Oh! meu bem-amado, se pudesses compenetrar-te desta grande verdade, que um amor nobre e puro encontra em si mesmo sua mais bela recompensa; que os mais puros gozos, o gozo de Deus, não são senão o produto de um sentimento mais depurado, apressar-te-ias em te depurares de tudo o que é egoísmo.

De agora em diante, jamais poderei escrever-te sem voltar a este assunto. Nada tem preço sem o amor. Só ele possui o golpe de vista claro, justo, penetrante, para distinguir o que merece ser estudado, o que é eminentemente verdadeiro, divino, imperecível. Em cada ser mortal e imortal animado de um amor puro nós vemos, com um inexprimível sentimento de prazer, refletir-se o próprio Deus, como vedes o sol brilhar em cada gota de água pura. Todos os que amam, na Terra como no Céu, não fazem senão um pelo sentimento. É do grau do amor que depende o grau de nossa perfeição, é de nossa felicidade interior e exterior. É teu amor que regula tuas relações com os Espíritos que deixaram a Terra, tua comunicação com eles, a influência que podem exercer sobre ti e sua ligação íntima com o teu Espírito.

Escrevendo-te isto, um sentimento de previsão que jamais me engana, ensiname que tu te achas neste momento em excelente disposição moral, porquanto pensas numa obra de caridade. Cada uma de vossas ações, de vossos pensamentos, leva um cunho particular, instantaneamente compreendido e apreciado por todos os Espíritos desencarnados. Que Deus venha em teu auxílio.

Escrevi isto a 16 de dezembro de 1798.

Seria supérfluo ressaltar a importância destas cartas de Lavater, que por toda parte excitaram o mais vivo interesse. Elas atestam, de sua parte, não só o conhecimento dos princípios fundamentais do Espiritismo, mas uma justa apreciação de suas consequências morais. Apenas sobre alguns pontos ele parece ter tido ideias um pouco diferentes do que hoje sabemos, mas a causa dessas divergências, que aliás talvez se devam mais à forma do que ao fundo, está explicada na comunicação seguinte, por ele dada na Sociedade de Paris. Nós não as levantaremos, porque cada um as terá compreendido; o essencial era constatar que, muito antes do aparecimento oficial do Espiritismo, homens cuja alta inteligência não poderia ser posta em dúvida, dele tiveram a intuição. Se não empregaram a palavra, é que ela não existia.

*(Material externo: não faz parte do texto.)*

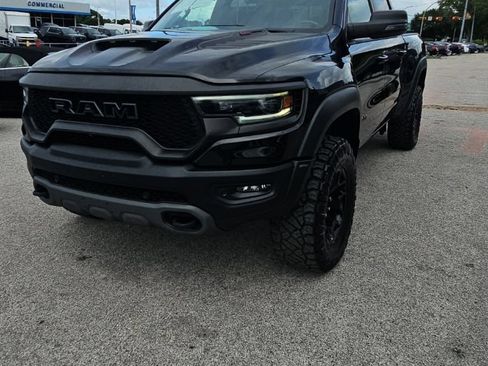 Used 2024 RAM 1500 TRX w/ TRX Level 1 Equipment Group AWD/4WD image 3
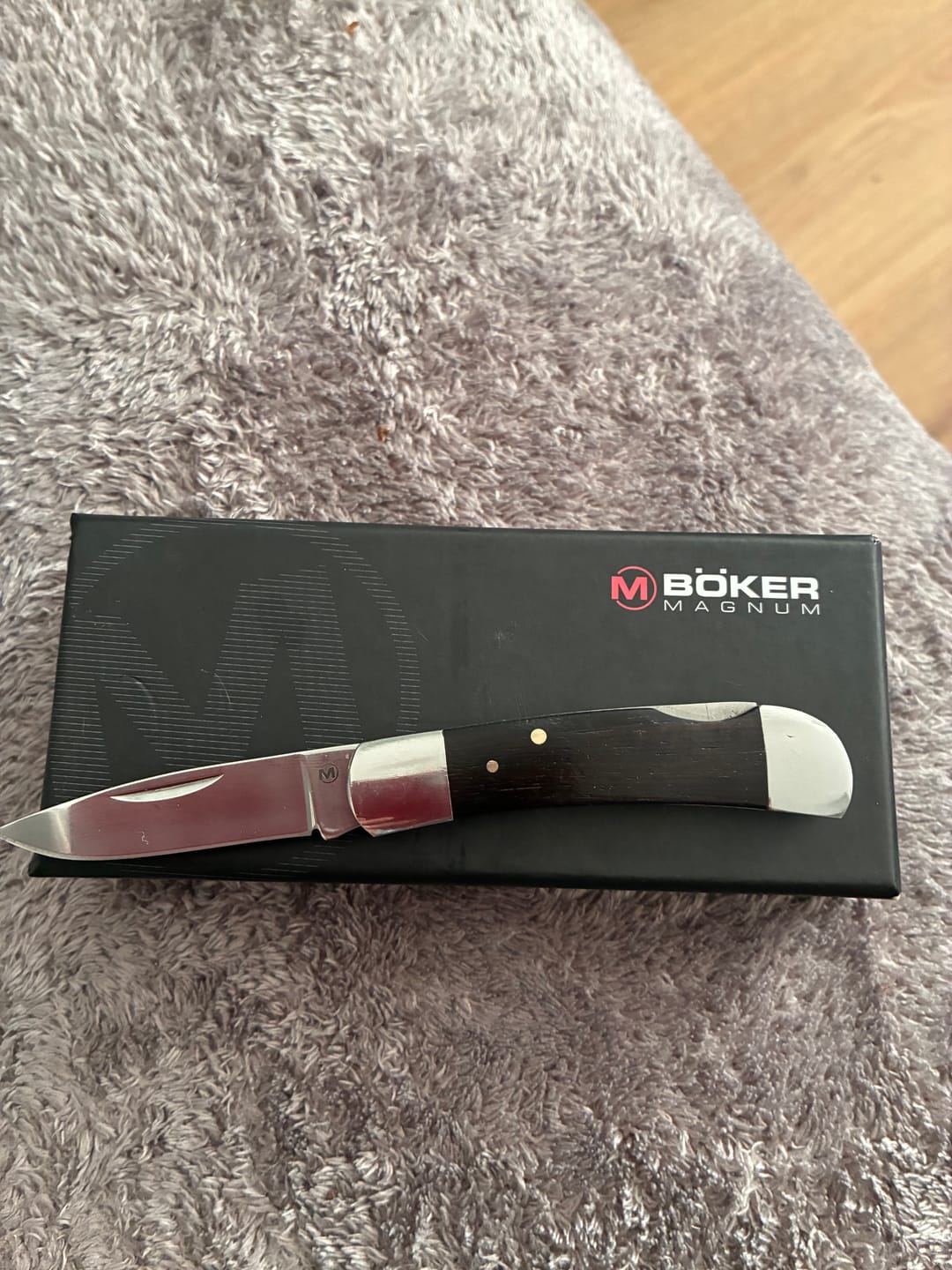Customer photo review of Magnum Jewel  B318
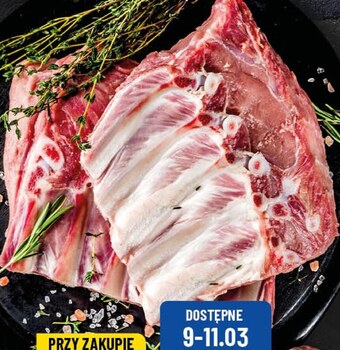 Polomarket Żeberka wieprzowe oferta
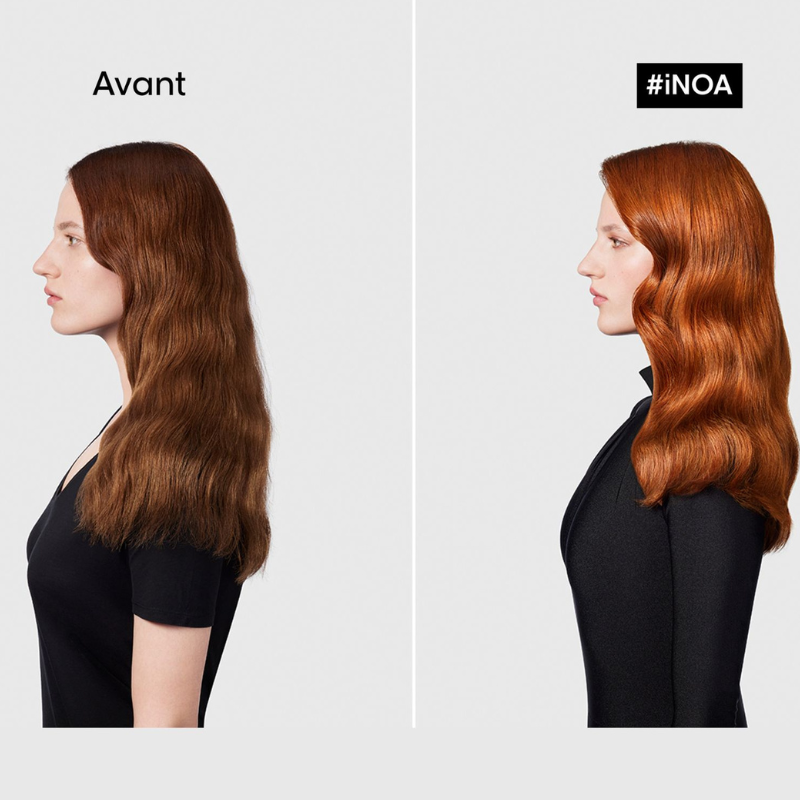 Безамонячна трайна боя за коса Loreal Professionnel Inoa Hair Color 60ml — 3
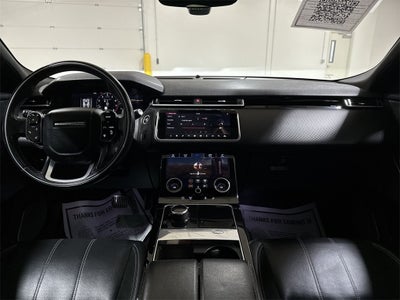 2018 Land Rover Range Rover Velar SE R-Dynamic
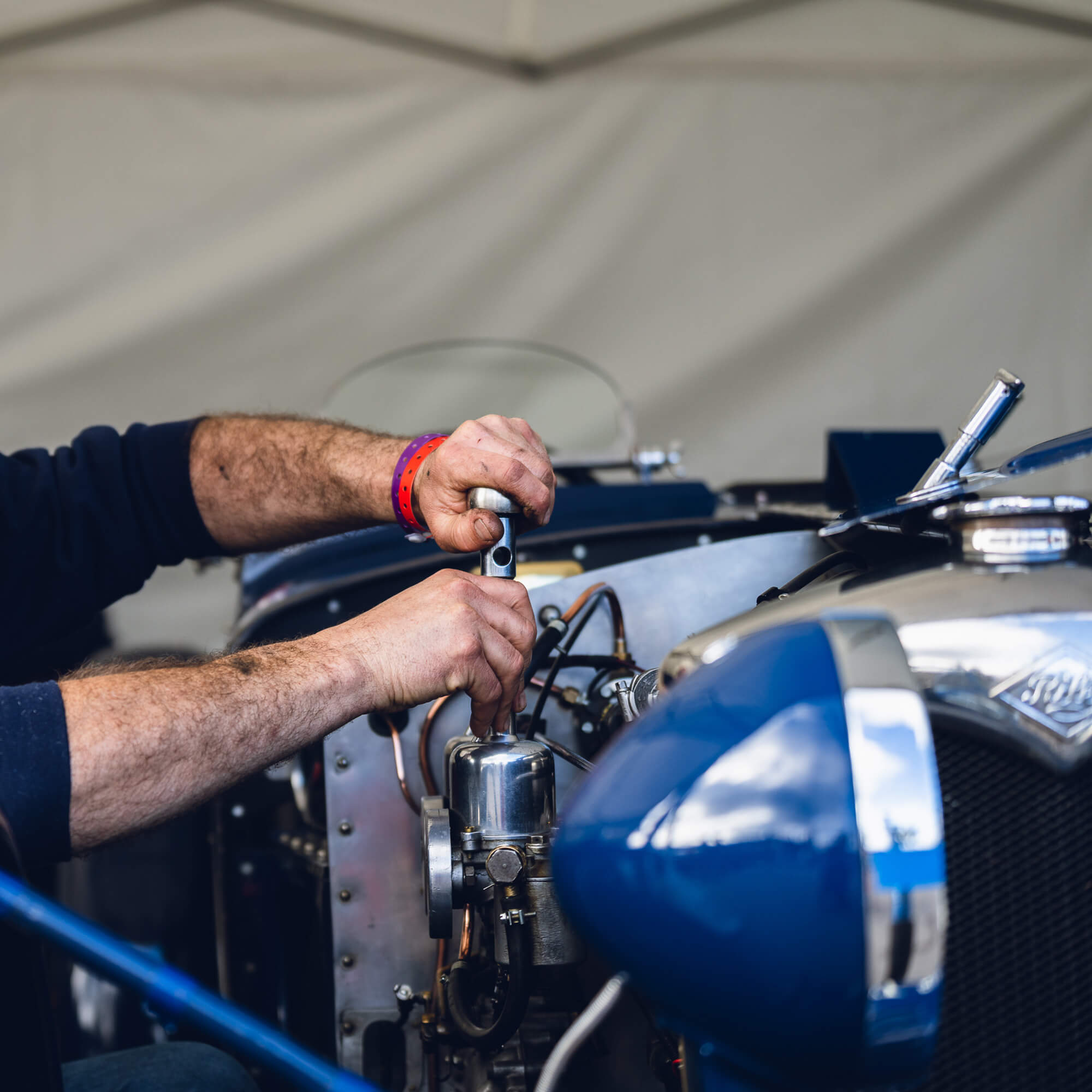 tech-newsletter-4 (1) Motor Racing Legends Silverstone Festival Touring Car Mega Grid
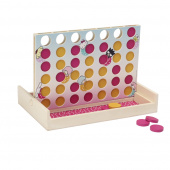 Fyra I Rad - Hello Kitty Fyra I Rad - Hello Kitty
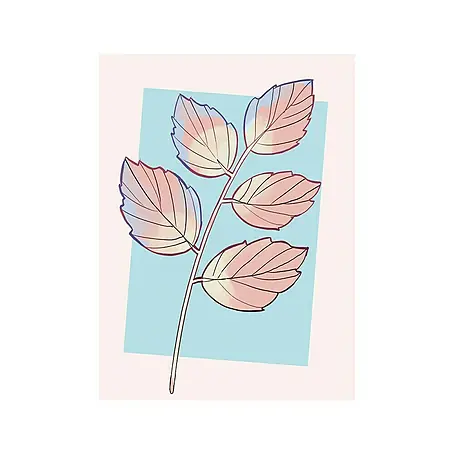 Komar Disney Edition 4 Poster Cinderella Plant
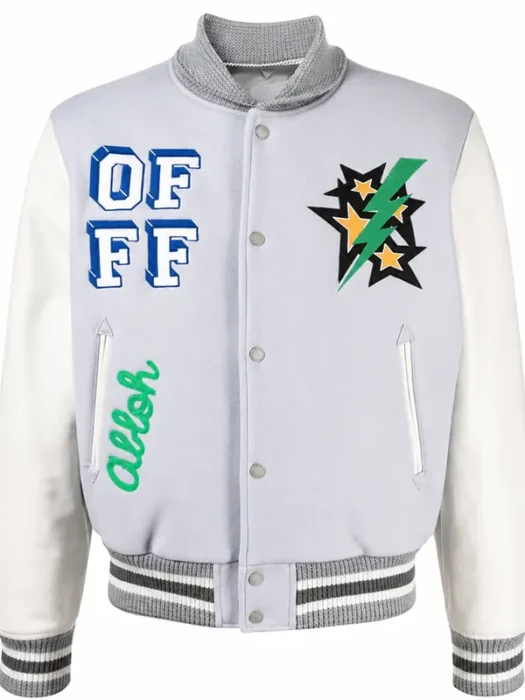 Lil Durk Off-White Jacket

Contudo, chamaremos a atenção sobre um ponto que poderia parecer estranho. É a teoria segundo a qual a felicidade dos Espíritos estaria subordinada à pureza dos sentimentos dos encarnados e achar-se-ia alterada pela mais leve imperfeição destes. Se assim fosse, considerando o que são os homens, não haveria Espíritos realmente felizes, e a felicidade verdadeira não existiria no outro mundo, como não existe na Terra. Os Espíritos devem sofrer tanto menos os malefícios dos homens pelo fato de sabê-los perfectíveis. Os homens imperfeitos são para eles como crianças cuja educação não está concluída e na qual eles têm a missão de trabalhar, eles que igualmente passaram pela fieira da imperfeição. Mas se deixarmos de lado o que o princípio desenvolvido nesta carta pode ter de muito absoluto, não poderemos deixar de reconhecer um senso muito profundo, uma admirável penetração das leis que regem as relações do mundo visível e do mundo invisível, e das nuanças que caracterizam o grau de adiantamento dos Espíritos encarnados ou desencarnados.